The other gorgeous Gorges were Cheile Turzii, following a lively stream and crossing some dancing bridges, sometimes on a path so narrow that we had to hang on to the cables attached to the steep rock walls. We seemed to be followed by yellow and pale blue butterflies, seemingly some forest fairies. The gorges opened to a peaceful green valley guarded by rolling hills. Just on the last morning, before heading back to Bucharest we saw a sign on the road crossing Cozia mountains, pointing towards Lotrisor Waterfall. It was a large forest path following a stream that at a point formed some beautiful transparent green pool, with forest and mountains left and right. First I heard the clamour of the flow splurging over the stones and boulders, then as we approached I saw the white stream of running water over the dark rock. The feeling of the last moment of freshness before starting to leave the mountains behind, doubled by the pure sensuality of the water serpentine coming down in a flowing caress over the stone.

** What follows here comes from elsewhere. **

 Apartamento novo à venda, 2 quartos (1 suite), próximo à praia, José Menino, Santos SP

The former salt mine Turda was the real highlight of the trip, a truly magical place, quite spectacular and unbelievable, with marble like walls made of layers of ground and salt, mixing white and black curves in a neverending dance and game of shapes, palace like corridors and halls. It was considered the most beautiful underground site worldwide in some top and it's as old as history remembers, from the antiquity. The main hall is enormous, over 100m high, naturally decorated with salt efflorescences, stalactites and an underground lake with an island. Manmade scifi looking wooden structures complete the hallucinating views. You can even rent a boat and row around the lake, buy salt bars for skin treatment and deodorants. In the Crivac room there was a XIX century wooden structure that used horses to bring blocks of salt to the surface. After two weeks of going suddenly from darkness to bright light the horses would go blind and after six months they would turn useless.

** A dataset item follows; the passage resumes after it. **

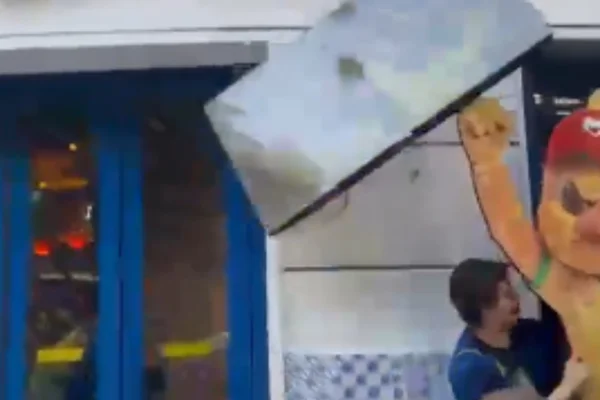 Imagem colorida de canarinho pistola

As we also needed to restore our forces from time to time we explored some thermal resorts. Ocna Sibiului sports several salty lakes among a green landscape where there used to be salt exploitations. The degree of salinity differs from one lake to another, we spread some stinky black mud all over our bodies and went floating in about four of the lakes. In Bazna there were outside and inside pools of warm dark green water packed with minerals, same in Caciulata between the mountains where the pools also offered hydromassage. All at maximum five Euros dumping prices.

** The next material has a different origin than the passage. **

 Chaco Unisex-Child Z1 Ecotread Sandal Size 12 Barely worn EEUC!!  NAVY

I am realizing now the power of water, that takes so many shapes and we experienced in so many ways during the trip. Away from the sea there were rivers, streams, creeks, springs, pools, lakes and waterfalls, underground waters making their ways through the rocks and creating caves or gorges. In Sibiel we could hear the stream that flows along the unpaved road, the same in Caciulata where we slept basically on the street leading to the forest. Sometimes the water would mirror a monastery or a village, other times it would rush over stones through its green banks where a horse may graze.

 Not to forget the rain and the beautiful rainbow gracing the green fields just before sunset.

I was filled with love, wonder, awe, feeling energized, refreshed and above all grateful for being able to experience such beauty. One of my best vacations, really. I had to be away for a long time to realize I come from a very special place. To be repeated.